→ **AIM OF THE EXERCISE**:
Every entry must be given again exactly. Include no pictures.

[Opening DATA SHOWN section]

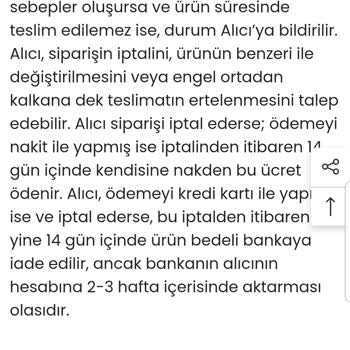 Teslimat Gecikmesi Ve İade Ödemesinin Hâlâ Gelmemesi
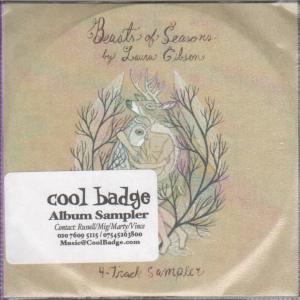 Laura Gibson - Beasts Of Seasons - Cdr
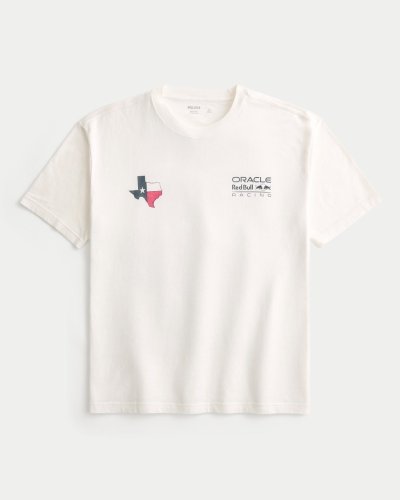 Hollister x Oracle Red Bull Racing Graphic Tee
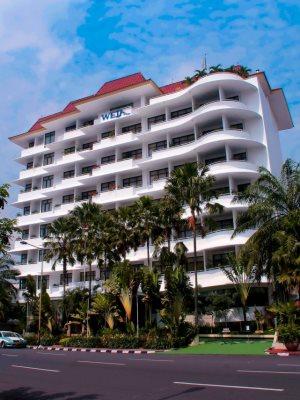 Weta International Hotel Surabaya Kültér fotó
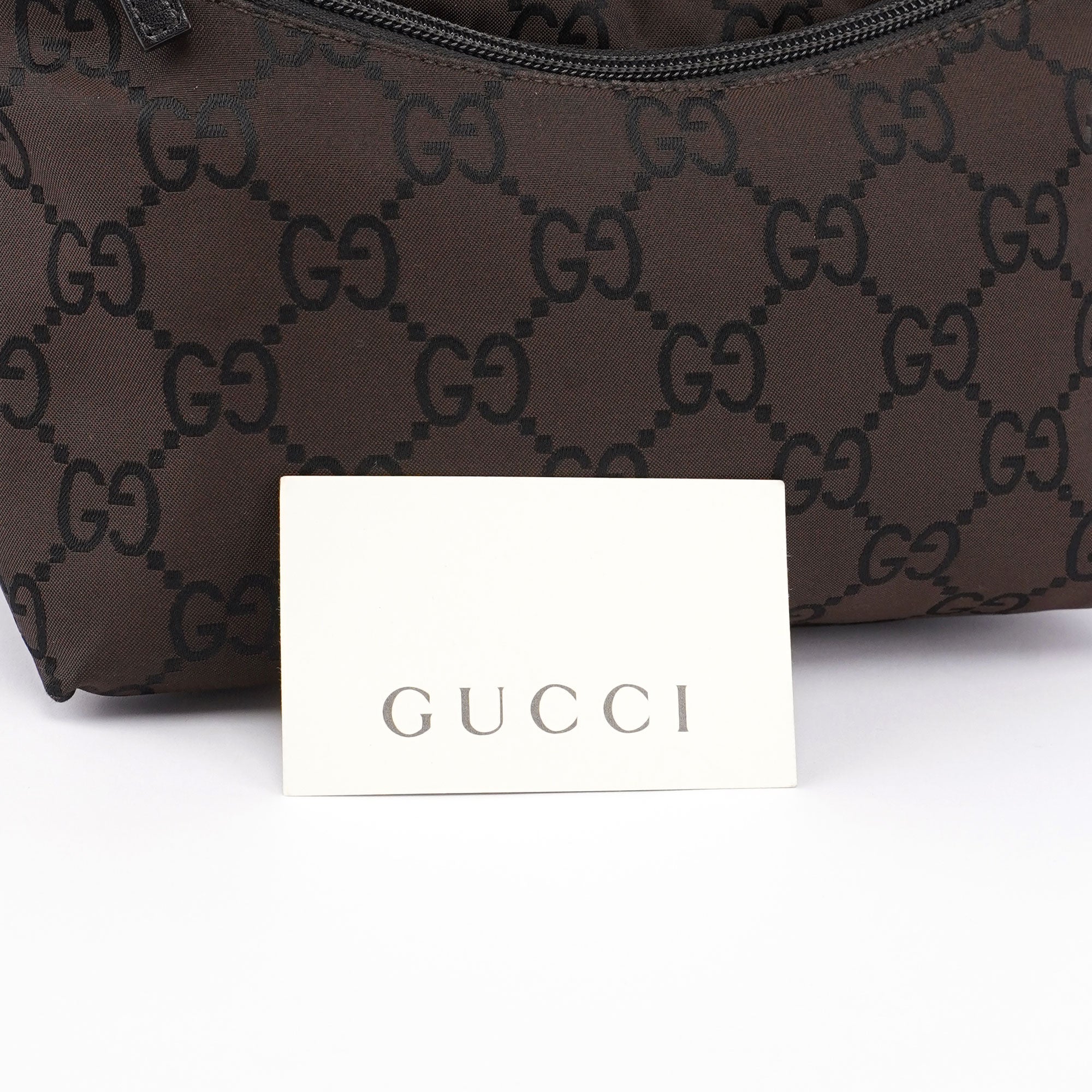 Brown GG Shoulder Bag
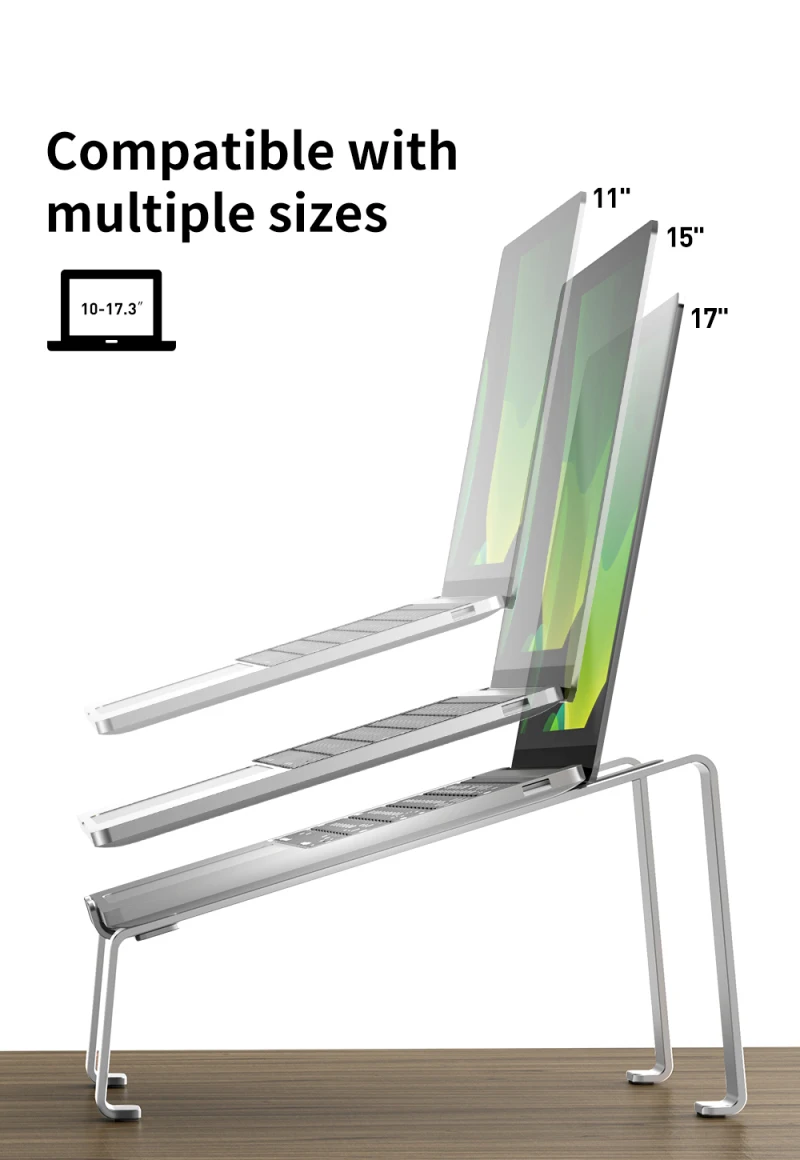 

Adjustable Laptop Stand Base Laptop Table Support Notebook Holder For Macbook Pro Computer Portable Laptop Holder Tablet Bracket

[Closing DATA SHOWN section]

→ **OUTPUT BELOW**:
 Teslimat Gecikmesi Ve İade Ödemesinin Hâlâ Gelmemesi
 Laura Gibson - Beasts Of Seasons - Cdr
 Hollister x Oracle Red Bull Racing Graphic Tee
 Weta International Hotel Surabaya Kültér fotó
 Brown GG Shoulder Bag

Adjustable Laptop Stand Base Laptop Table Support Notebook Holder For Macbook Pro Computer Portable Laptop Holder Tablet Bracket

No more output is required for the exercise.